1 Introduction

Among the main challenges in mass spectrometric metabolomic analysis is the high-throughput analysis of metabolic features, their fast detection and annotation. By contrast to the screening of known, previously characterized, metabolic features in these data, the putative annotation of unknown features is often cumbersome and requires a lot of manual work, hindering the biological information retrieval of these data. High-resolution mass spectrometric data is often very rich in information content and metabolic conversions, and reactions can be derived from structural properties of features (Breitling et al. 2006). In addition to that, statistical associations between features (based on their intensity values) can be a valuable resource to find co-synthesized or co-regulated metabolites, which are synthesized in the same biosynthetic pathways.
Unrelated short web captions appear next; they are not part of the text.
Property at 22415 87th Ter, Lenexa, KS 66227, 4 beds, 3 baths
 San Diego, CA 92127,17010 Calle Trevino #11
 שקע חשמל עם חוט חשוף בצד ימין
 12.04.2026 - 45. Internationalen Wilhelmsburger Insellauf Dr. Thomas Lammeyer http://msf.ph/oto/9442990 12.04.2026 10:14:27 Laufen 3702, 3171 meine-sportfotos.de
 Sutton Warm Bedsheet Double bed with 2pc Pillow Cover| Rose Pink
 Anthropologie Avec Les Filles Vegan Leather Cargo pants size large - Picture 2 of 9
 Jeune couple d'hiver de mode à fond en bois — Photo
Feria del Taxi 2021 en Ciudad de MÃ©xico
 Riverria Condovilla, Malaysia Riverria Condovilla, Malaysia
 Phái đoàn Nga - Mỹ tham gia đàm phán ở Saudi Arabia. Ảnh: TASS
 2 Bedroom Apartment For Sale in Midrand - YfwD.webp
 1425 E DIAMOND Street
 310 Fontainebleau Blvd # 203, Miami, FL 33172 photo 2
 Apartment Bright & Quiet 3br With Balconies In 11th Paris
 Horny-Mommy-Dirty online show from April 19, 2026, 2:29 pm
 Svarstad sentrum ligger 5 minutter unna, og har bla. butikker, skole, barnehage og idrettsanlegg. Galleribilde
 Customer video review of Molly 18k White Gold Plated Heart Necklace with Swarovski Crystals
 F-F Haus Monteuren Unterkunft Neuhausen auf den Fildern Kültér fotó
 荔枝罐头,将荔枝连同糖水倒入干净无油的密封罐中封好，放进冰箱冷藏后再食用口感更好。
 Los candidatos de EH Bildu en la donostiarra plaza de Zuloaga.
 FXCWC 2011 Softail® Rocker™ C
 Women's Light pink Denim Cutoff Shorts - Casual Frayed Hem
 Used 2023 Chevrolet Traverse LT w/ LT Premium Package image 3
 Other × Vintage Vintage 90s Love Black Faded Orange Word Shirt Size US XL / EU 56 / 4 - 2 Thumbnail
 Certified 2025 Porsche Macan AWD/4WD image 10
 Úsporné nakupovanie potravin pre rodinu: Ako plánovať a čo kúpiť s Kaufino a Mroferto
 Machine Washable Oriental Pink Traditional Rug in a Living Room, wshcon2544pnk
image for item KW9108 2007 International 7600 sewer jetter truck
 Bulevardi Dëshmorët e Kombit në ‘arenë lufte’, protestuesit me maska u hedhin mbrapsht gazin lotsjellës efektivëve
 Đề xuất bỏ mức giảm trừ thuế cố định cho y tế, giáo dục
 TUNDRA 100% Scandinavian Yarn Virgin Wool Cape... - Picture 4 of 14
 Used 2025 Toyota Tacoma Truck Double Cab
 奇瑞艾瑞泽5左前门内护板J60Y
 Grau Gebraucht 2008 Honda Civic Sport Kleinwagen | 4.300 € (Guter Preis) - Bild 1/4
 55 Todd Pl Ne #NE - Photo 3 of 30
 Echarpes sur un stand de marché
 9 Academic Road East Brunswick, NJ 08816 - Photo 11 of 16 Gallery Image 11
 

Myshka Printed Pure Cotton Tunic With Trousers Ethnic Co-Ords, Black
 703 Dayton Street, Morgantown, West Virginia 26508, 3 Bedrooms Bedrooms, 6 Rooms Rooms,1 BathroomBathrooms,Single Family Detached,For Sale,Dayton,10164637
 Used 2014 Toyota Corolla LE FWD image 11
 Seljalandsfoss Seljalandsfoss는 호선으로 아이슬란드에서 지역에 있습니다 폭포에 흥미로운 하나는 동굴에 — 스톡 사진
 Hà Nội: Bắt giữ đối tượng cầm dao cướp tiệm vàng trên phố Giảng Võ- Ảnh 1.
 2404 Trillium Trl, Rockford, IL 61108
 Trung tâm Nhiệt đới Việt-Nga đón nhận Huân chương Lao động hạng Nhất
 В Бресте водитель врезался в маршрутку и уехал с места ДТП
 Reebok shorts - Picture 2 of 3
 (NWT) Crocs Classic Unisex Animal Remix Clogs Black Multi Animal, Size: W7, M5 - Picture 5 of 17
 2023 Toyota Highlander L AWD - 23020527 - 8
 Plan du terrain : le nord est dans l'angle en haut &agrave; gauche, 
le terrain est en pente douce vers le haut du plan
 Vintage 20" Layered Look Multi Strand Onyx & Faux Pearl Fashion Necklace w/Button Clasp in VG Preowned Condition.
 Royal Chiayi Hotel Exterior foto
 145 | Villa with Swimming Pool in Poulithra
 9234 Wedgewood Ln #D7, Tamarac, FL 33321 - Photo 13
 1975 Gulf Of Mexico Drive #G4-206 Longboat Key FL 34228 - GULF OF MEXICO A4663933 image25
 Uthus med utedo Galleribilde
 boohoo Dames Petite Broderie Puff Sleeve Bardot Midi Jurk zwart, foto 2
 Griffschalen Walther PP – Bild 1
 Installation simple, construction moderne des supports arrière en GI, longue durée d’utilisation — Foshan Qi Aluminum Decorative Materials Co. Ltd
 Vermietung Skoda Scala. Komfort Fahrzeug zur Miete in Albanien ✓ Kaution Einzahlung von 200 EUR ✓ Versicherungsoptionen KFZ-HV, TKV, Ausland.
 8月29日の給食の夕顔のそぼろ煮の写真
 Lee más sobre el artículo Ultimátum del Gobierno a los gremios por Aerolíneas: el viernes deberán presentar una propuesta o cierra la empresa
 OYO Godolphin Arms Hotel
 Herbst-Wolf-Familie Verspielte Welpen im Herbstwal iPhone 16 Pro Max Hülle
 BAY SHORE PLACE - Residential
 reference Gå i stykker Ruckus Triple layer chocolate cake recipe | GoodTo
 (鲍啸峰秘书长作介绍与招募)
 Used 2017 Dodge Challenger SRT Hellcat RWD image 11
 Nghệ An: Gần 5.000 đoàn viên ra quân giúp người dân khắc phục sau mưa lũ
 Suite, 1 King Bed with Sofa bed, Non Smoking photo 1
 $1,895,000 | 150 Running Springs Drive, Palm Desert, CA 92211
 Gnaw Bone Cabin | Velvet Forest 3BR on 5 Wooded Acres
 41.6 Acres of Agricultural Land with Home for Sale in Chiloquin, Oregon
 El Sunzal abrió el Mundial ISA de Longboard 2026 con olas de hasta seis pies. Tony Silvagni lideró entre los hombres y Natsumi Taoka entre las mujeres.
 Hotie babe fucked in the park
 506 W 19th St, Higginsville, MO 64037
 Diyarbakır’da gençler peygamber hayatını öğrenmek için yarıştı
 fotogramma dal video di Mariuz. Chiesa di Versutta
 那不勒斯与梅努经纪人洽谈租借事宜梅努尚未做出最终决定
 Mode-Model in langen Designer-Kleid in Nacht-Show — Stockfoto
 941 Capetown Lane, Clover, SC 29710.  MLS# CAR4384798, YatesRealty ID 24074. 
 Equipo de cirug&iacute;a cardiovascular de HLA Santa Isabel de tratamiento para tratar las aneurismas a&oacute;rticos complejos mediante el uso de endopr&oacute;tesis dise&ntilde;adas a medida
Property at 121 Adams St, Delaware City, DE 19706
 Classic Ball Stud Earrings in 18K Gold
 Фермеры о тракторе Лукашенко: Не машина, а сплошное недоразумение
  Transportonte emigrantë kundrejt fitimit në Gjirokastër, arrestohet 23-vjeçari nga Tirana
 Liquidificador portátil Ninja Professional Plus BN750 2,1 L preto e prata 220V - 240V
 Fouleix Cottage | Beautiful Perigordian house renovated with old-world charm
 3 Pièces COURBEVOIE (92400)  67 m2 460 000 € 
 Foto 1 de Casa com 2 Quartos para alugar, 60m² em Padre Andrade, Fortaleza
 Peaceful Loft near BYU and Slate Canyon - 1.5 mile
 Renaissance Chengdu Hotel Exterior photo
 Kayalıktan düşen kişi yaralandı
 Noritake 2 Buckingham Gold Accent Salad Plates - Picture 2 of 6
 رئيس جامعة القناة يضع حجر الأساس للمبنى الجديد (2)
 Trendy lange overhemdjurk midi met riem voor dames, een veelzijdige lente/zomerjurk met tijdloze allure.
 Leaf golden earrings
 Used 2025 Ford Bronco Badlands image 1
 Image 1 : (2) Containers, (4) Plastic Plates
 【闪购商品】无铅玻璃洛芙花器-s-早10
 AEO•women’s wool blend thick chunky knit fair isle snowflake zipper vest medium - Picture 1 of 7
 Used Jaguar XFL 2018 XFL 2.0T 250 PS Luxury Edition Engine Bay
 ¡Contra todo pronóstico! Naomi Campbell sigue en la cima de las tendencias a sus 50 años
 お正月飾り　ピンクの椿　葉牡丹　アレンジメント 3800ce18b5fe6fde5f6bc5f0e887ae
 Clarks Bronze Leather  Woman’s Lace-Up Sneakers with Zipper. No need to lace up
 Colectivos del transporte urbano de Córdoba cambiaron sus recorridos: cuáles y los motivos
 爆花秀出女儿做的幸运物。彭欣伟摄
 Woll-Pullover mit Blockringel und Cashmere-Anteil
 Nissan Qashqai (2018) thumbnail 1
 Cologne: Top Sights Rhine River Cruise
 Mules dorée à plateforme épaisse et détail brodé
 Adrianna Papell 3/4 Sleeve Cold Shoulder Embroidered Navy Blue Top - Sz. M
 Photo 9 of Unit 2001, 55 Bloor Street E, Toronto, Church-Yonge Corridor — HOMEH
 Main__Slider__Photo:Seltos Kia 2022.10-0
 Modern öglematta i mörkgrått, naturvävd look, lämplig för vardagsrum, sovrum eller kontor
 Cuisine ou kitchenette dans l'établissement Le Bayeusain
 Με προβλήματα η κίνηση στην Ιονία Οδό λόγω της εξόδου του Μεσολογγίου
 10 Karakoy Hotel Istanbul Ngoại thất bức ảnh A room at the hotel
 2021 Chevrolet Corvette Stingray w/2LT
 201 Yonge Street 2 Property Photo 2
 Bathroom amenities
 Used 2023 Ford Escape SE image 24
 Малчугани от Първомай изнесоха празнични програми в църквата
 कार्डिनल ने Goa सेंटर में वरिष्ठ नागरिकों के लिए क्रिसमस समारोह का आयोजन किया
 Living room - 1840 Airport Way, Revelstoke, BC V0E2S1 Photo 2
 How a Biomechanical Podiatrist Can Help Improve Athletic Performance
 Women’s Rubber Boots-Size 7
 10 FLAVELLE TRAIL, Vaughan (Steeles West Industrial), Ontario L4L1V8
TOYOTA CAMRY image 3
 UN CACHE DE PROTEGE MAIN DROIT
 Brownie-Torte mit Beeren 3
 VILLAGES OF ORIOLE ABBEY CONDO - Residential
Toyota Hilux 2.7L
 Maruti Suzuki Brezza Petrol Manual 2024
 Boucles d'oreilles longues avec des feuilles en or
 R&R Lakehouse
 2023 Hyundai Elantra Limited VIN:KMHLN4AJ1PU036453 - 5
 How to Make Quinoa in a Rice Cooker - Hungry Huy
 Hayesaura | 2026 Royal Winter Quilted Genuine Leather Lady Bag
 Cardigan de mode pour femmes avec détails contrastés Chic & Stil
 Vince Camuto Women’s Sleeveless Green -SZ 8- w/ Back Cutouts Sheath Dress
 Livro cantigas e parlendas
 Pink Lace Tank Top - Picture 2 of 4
Given that an analysis tool within the R framework is still lacking that is integrating the two features of mass spectrometric information commonly acquired with mass spectrometers (m/z and intensity values), I developed MetNet to close this gap. The MetNet package comprises functionalities to infer network topologies from high-resolution mass spectrometry data. MetNet combines information from both structural data (differences in m/z values of features) and statistical associations (intensity values of features per sample) to propose putative metabolic networks that can be used for further exploration.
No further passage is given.